# Need G scale advice for a project please



## Vandal (Dec 20, 2017)

Hi all,
My Father and I used to have a few trains when I was a kid. My dad is gone now and im not really into Model Railroading, that may change. 
I'm into Action figures, more specifically 3-3/4" GI Joes, and Im searching for a Boxcar that will match the scale. 

Unlike most action figure collectors, I play with my toys. I fully enjoy setting up battle scenes and have decided to take what I learned from Dad to build a table very similar to a RR layout. 

I may add an entire train at some point, but the boxcar is what Im having trouble with now. I need one that would be plastic and roughly about 16"x 8" x5" that seems to be the most accurate set of numbers I can get.
Is there a brand whose scale tends to stay in the 1/18 to 1/22 scale consistantly and relitivly inexpensive?
Any help would be greatly appreciated. Thanks and Merry Christmas to all..
Mike


----------



## Gramps (Feb 28, 2016)

I had Aristocraft which was 1:29, Bachmann was bigger so I'm guessing they would be about 1:22. Good luck


----------



## Lehigh74 (Sep 25, 2015)

From the LGB web site...

"The overwhelming majority of the LGB models is produced in G Scale and is thereby 22.5 times smaller than the real life prototype."

https://www.lgb.com/

But they are not what I would call inexpensive.


----------



## Lehigh74 (Sep 25, 2015)

Not sure of the scale, but this is roughly the length you are after. And a bit more affordable than LGB.
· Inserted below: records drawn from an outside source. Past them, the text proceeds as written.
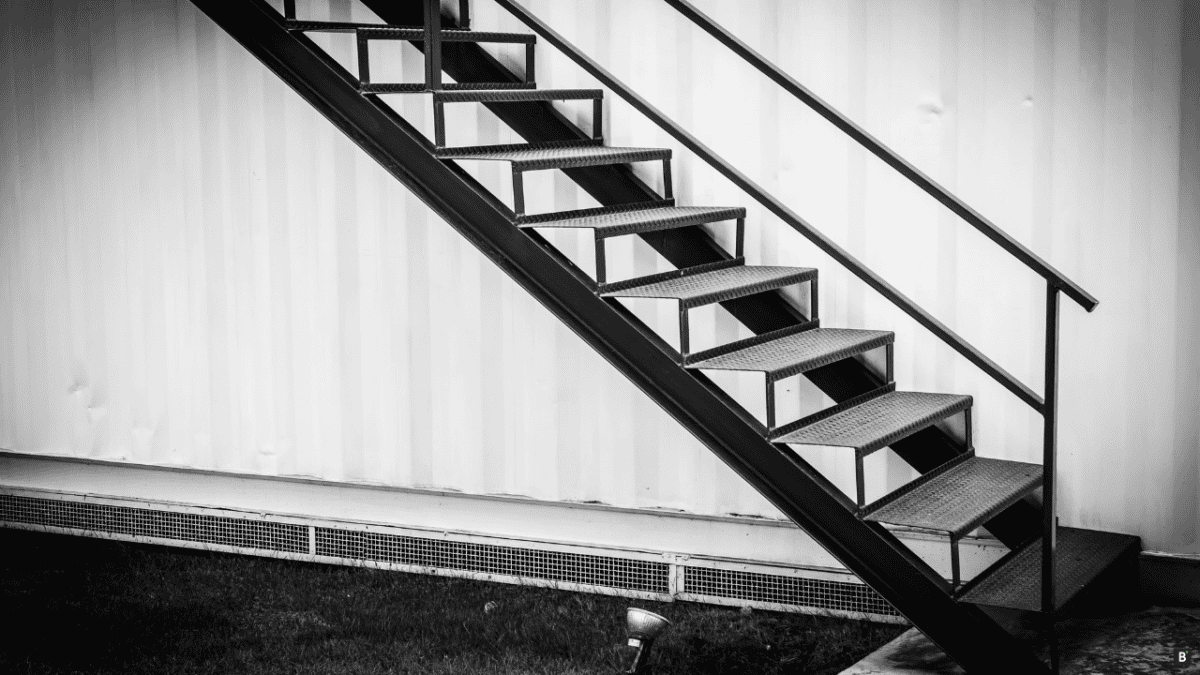 Eine massive Stahltreppe mit Handlauf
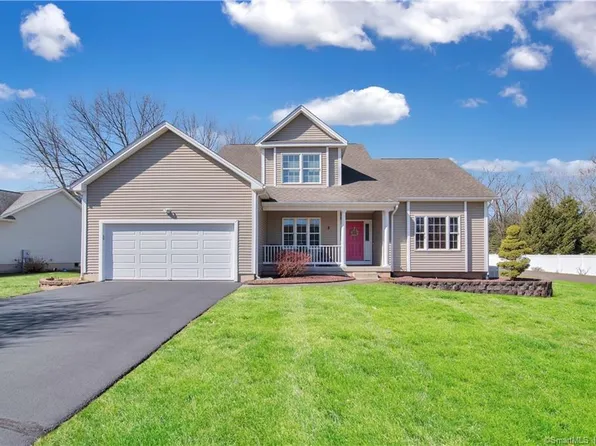 5 Szepanski Road, Windsor Locks, CT 06096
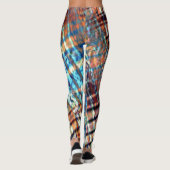 シルキーで素朴に交差する青と茶色のストローク レギンス (裏面)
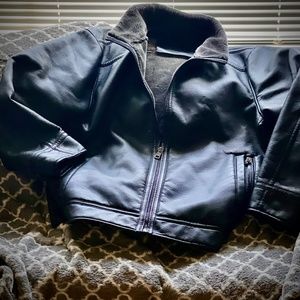 Men’s leather coat with faux fur lining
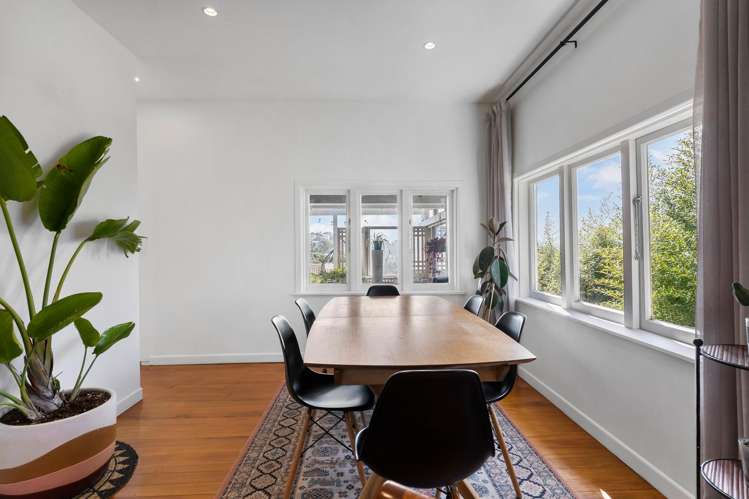 189 Godley Road Titirangi_12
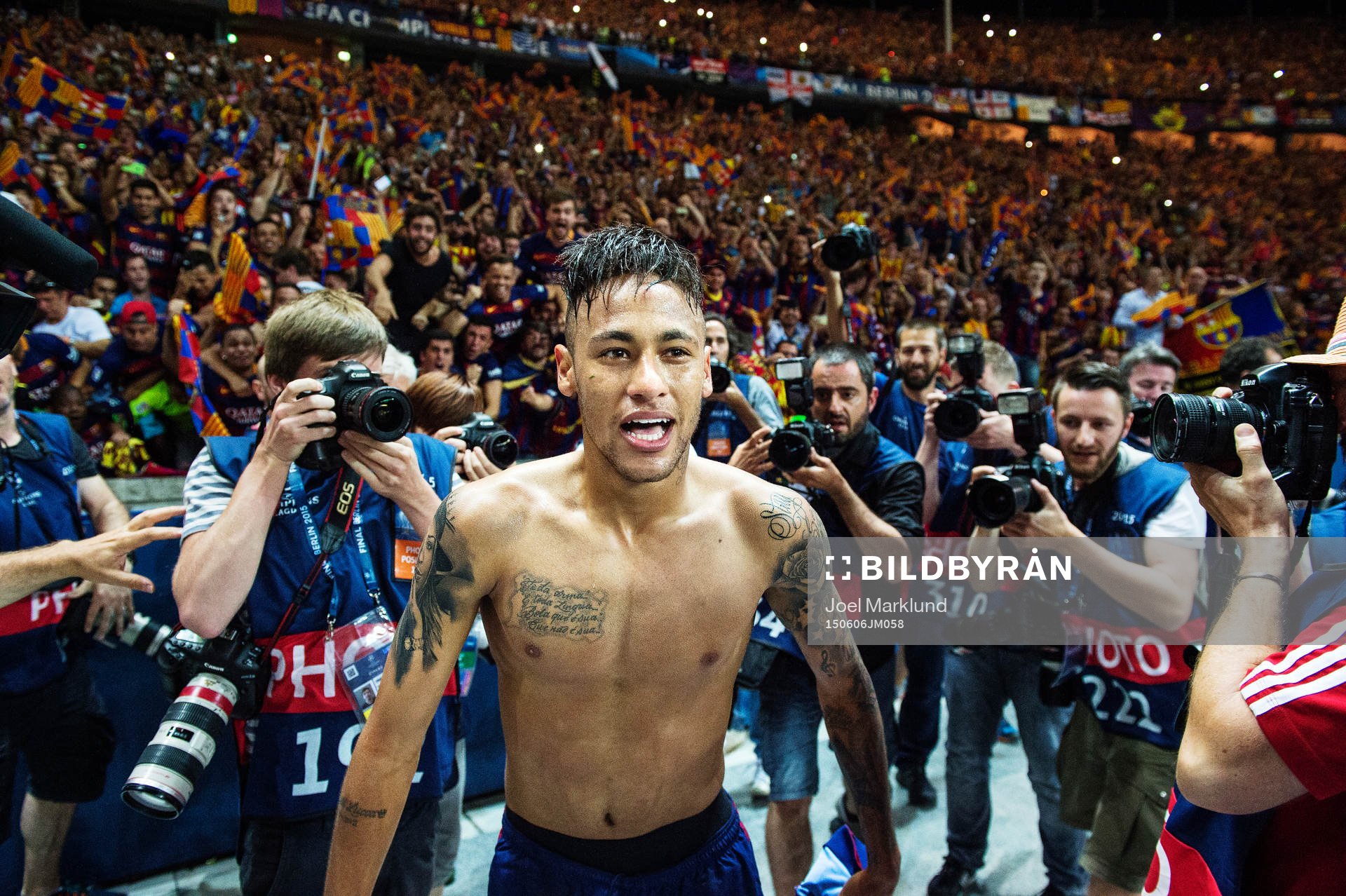Barcelonas Neymar jublar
https://www.piko-america.com/collections/boxcars-reefers/products/prr-steel-boxcar-g-scale


----------



## Gramps (Feb 28, 2016)

There are several different sizes in G scale. 1:22, 1:29: 1:32 and some others. 1:29 is 3 times bigger than HO. A 40' boxcar in HO is about 6" long so a 1:29 is 18" long. 1:22 is even bigger but if you want something about 16" long you have to look closer to 1:32 which may be the PIKO brand.


----------



## Vandal (Dec 20, 2017)

Thanks guys, really. 
For whatever reason the scales in MRR seem to not match up with the scales I'm used to. The fingues Im using are accepted as 1/18th scale at 3-3/4" tall. Their vehicles and playsets are not quite to scale with the figures with the biggest jet fighter being 28" long. 
My goal here is a former Circus Clown who lives in the ruins of an abandoned Circus, specifically in an old boxcar. Kinda of a shanty among a few dilapidated items from a Circus. Any and all advice is welcomed and appreciated. And after watching several videos about G scale, my wife and I agree that a Garden Railroad is something we both would enjoy building....so i guess that means you guys are stuck with me. Thanks all.
Michal


----------